Je m’en veux d’en faire tout un foin, je vois bien que c’est même contreproductif, que je ne devrais pas lui transmettre ma peur, mais je n’arrive pas à m’en empêcher. Entre la peur qu’il se retrouve exclu de son groupe d’amis, la peur qu’il n’arrive jamais à trouver en lui la force, le courage, la détermination d’apprendre quelque chose de nouveau, ni d’apprendre à aimer à se dépasser, le refus de mon aîné de faire du vélo, c’est comme une séance d’acupuncture de mon cœur, par quelqu’un qui n’y connaîtrait rien: atroce.


- Allez, Grand, un peu de vélo? 

- Bon (soupir), d’accord Maman (soupir).


Je me mets à côté de lui, penchée, taisant mon dos endolori, je lui tiens la selle, l’encourage alors qu’il est d’une maladresse confondante, alors qu’il geint comme un chien battu, je lui tiens le guidon droit pour qu’il ne tombe pas, parce qu’alors, s’il tombe, mais ce sera la fin, ce sera fini, adios le vélo, les sorties, les amis!

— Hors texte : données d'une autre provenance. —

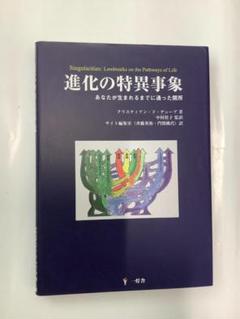 進化の特異事象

Ça ne marche pas. Il se bloque. Je me désespère. Je me crispe.

- Chéri, j’ai l’impression que c’est pire quand c’est moi. Tu veux bien prendre le relai?


Jour 1: Papa tient la selle mais pas le guidon. Il court à ses côtés deux mètres à peine et le lâche. Grand fait 5 mètres tout seul.


Oh… c’est donc moi qui, en lui tenant le guidon pour qu’il ne tombe pas, le déséquilibrais?

C’est donc moi qui l’empêchais de se lancer?


Jour 2: Papa tient la selle le premier mètre. Grand fait 10 mètres.

Jour 3: Grand fait la rue. Il est fier.

Jour 4: Grand apprend à donner seul l’impulsion initiale. Il est encore plus fier.

Jour 5: Grand veut apprendre tout seul à freiner pour prendre la grande descente au bout de la rue.

Jour 6: Grand me demande, le soir, après dîner: “Maman, on va faire un petit tour de vélo?”


Il a trouvé la détermination, il a découvert la liberté, il s’est lancé. 

La jeunesse se lance, la vieillesse s’inquiète.